Collection Schlumpf

The world’s largest Bugatti collection is a star attraction at the world’s biggest car museum, La Cité de l’Automobile – National Museum – Schlumpf Collection, at Mulhouse in eastern France near the Swiss and German borders.

Formerly The National Car Museum, this fascinating museum houses the largest set of Bugattis among a collection of more than 400 beautiful and unusual cars.

But there is a dramatic story behind the collection, which was founded by brothers Hans and Fritz Schlumpf who were born in Italy in 1904 and 1906 respectively. Their father was Swiss and their mother, Jeanne Becker, was from Mulhouse, where the family settled in 1906.

Fritz worked in the textile industry, and started his own business as a wool broker in 1928 and the brothers built up a textile business, acquiring mills and taking control of various companies over the decades.

But between 1961 and 1963, Fritz Schlumpf used his industrial wealth to secretly buy large numbers of classic cars, notably Bugattis, by linking with various buyers in France, Switzerland, England, Italy, Germany and the USA.

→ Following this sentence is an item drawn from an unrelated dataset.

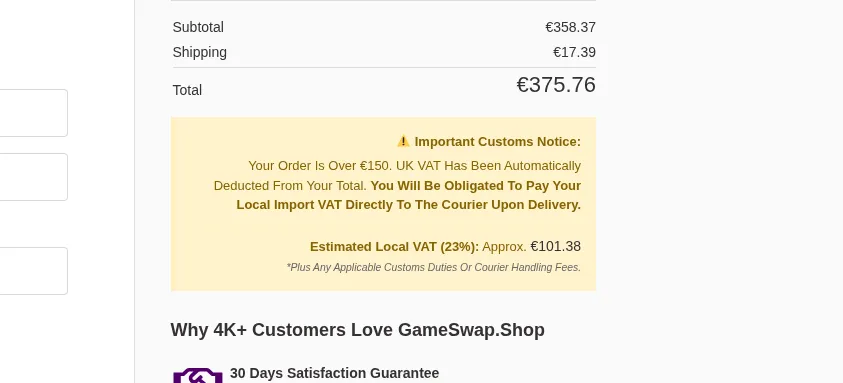 Order total with customs notice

In 1966, work on displaying the collection began. Fritz Schlumpf’s aim was to reveal to the public for the first time the exceptional collection that he had managed to bring together in just a few years. He developed part of the factory warehousing to create the “Schlumpf Museum”.

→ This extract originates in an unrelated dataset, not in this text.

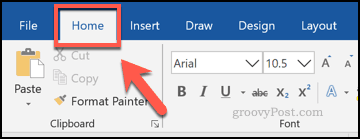 The Home tab in Word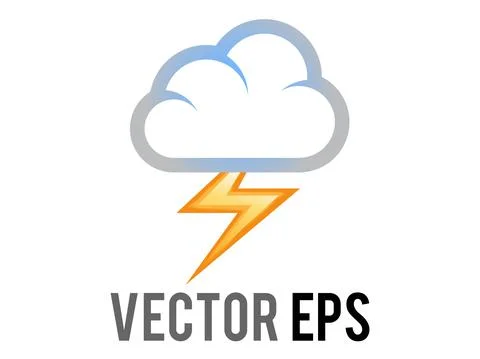 Vector white thunderstorms cloud icon with yellow lightning bolt flashing fro Stock Illustration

But by June 1976, the textile factory was in crisis and its employees were on strike. The brothers tried to sell their factories for a symbolic one French franc, quit and took refuge in Basel and would never return to France, but a long period of legal battles between the Schlumpf brothers and their creditors followed.

Collection Schlumpf

In 1977, the warehouses were occupied by the unions and renamed the “Workers Museum”. Then in 1978, at the instigation of Jean Panhard, the French Council of State classed the collection as a Historical Monument, meaning no part could leave French territory.

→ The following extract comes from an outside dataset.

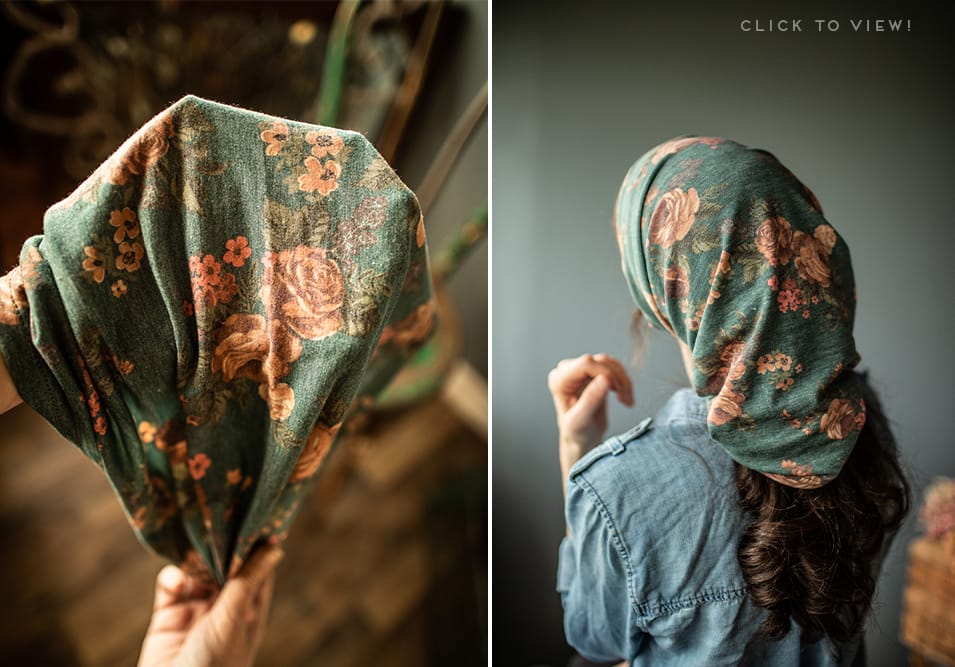 soft stretch floral cowl headwraps, chemo scarves, and headcoverings for sale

In 1981, it was bought by the National Automobile Museum Association which included the City of Mulhouse, the Haut-Rhin Département, the Alsace Region, the Mulhouse Chamber of Commerce, the Automobile Club de France, the Panhard Company and the organisers of the Paris Motor Show. They raised 44 million Francs to buy the collection – although 20 years later the Schlumpfs won an award of a further 25m Frances – and The National Automobile Museum opened to the public in 1982.

Later it was forced to add “Schlumpf Collection” to its name and then in 1999 its operation was entrusted to the company Culturespaces, with the formal public opening the next year after considerable renovation and modernisation.

Collection Schlumpf
The collection is spread throughout several large spaces: the “Motocar Experience”, the “Motor racing”, the “Motocar Masterpieces” and the “Bugatti Veyron” areas.
In the Motocar Experience’s huge 17,000 m² hall, lit by 800 lamp posts identical to those on the Alexandre III bridge in Paris, has 243 cars that have marked their era telling the story of the motorcar from 1878 through to the present today. The cars are organized into chronological periods.

In July 2006, Culturespaces opened new areas designed by Studio Milou Architecture. These include the entrance to the Museum (forecourt, footbridge, atrium, projection wall) and the three exhibition spaces at the end of the tour.